The propensity score is an estimate of the probability that a given individual will be recruited to the intervention.51 It summarises a wide range of variables such as age and
prior hospital use into a single quantity. Controls that are selected on the basis of having a similar propensity score are thus expected to be similar in terms of the wider set of variables reflected in the score, if the propensity score model is correctly specified.52 Balance can be
further improved by simultaneously matching on key variables predictive of future health and social care utilisation along with the propensity score,51 using a multivariate distance
measure such as the Mahalanobis distance.53
An alternative strategy for finding controls is to match on the estimated probability of experiencing the outcome (for example, an emergency hospital admission), where this is calculated assuming that the intervention is not in place. This score is called the prognostic
score, and the approach is called prognostic matching.54 Prognostic matching can be
combined with matching on other variables using the Mahalanobis distance.

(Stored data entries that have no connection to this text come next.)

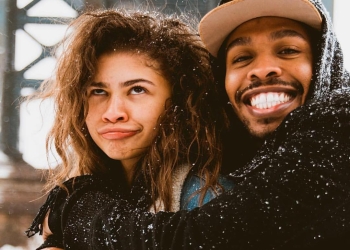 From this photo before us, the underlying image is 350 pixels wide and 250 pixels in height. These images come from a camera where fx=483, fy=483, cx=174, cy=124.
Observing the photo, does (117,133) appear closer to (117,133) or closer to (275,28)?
(117,133)

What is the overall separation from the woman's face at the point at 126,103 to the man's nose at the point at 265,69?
0.92 feet

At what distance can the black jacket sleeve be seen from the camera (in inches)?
36.9

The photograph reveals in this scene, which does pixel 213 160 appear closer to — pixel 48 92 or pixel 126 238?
pixel 126 238

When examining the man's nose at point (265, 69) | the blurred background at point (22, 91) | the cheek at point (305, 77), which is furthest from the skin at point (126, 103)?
the blurred background at point (22, 91)

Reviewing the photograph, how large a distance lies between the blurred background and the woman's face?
1.79 metres

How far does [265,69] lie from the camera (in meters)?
1.24

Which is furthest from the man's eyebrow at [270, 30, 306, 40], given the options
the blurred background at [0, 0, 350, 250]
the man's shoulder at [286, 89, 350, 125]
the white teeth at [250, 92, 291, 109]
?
the blurred background at [0, 0, 350, 250]

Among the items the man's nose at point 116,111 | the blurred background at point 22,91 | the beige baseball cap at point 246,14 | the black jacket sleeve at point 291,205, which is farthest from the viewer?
the blurred background at point 22,91

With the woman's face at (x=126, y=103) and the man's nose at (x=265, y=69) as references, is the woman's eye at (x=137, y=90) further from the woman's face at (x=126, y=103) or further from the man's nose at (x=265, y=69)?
the man's nose at (x=265, y=69)

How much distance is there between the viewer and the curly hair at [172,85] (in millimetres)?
1378

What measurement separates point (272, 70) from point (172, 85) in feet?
1.04

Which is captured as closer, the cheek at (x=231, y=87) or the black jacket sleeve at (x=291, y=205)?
the black jacket sleeve at (x=291, y=205)

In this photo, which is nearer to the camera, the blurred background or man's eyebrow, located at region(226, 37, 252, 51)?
man's eyebrow, located at region(226, 37, 252, 51)

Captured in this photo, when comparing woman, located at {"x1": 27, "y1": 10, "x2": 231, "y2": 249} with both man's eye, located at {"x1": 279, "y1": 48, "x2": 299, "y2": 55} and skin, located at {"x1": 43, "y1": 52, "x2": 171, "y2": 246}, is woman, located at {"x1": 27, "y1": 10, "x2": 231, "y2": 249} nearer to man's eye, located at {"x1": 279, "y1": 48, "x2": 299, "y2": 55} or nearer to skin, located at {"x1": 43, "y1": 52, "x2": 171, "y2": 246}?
skin, located at {"x1": 43, "y1": 52, "x2": 171, "y2": 246} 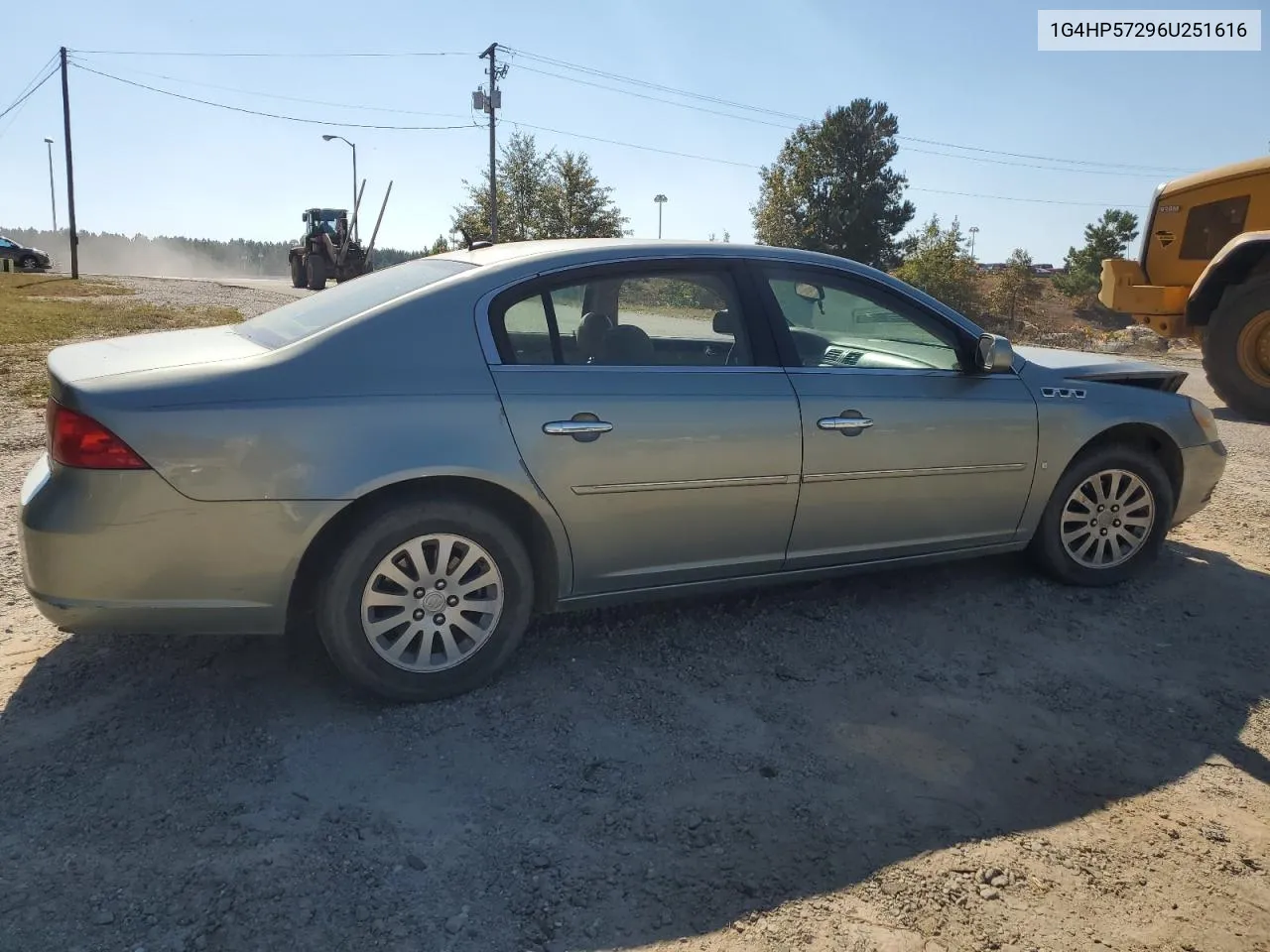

The final method, genetic matching, is an iterative technique that aims to optimise balance between groups using a genetic search algorithm. It is a generalisation of matching using the propensity and prognostic scores as these scores can be included in the assessment of balance used in the search algorithm.55
When we implemented these approaches, we used matching without replacement so that the control group consisted of distinct individuals. We also chose to calculate propensity and prognostic scores on a monthly basis in order to reflect recent activity. This gave us a choice, for a given virtual ward patient, of whether to use the risk score calculated at the month-end immediately prior to being admitted to the virtual ward, or the score calculated at the month-end immediately following admission. Using the risk score from the month before did not capture very recent events that occurred in the few days before bring admitted to the virtual ward.
We assessed the similarity of the matched control group to the group of virtual ward patients by using the standardised difference. This is defined as the difference in means as a
proportion of the pooled standard deviation.56 Although the standardised difference would
ideally be minimised without limit, Normand and colleagues have suggested that a value greater than 10 per cent is indicative of a meaningful difference between the groups.57 Other
metrics, such as formal t-tests, are not recommended or observational data. 58 We did not
conduct statistical tests to assess the similarity of the matched control group to the virtual ward patients. As argued by Imai and colleagues,58 statistical tests do not form a good
stopping rule for matching algorithms because they are a product of the sample size. They argue (1) that a statistical test would therefore favour scenarios in which cases were dropped from a matching analysis, when this was not in fact desirable; and (2) that statistical tests are also inappropriate from a theoretical point of view because in this context, similarity is a property of the samples rather than of some hypothetical population.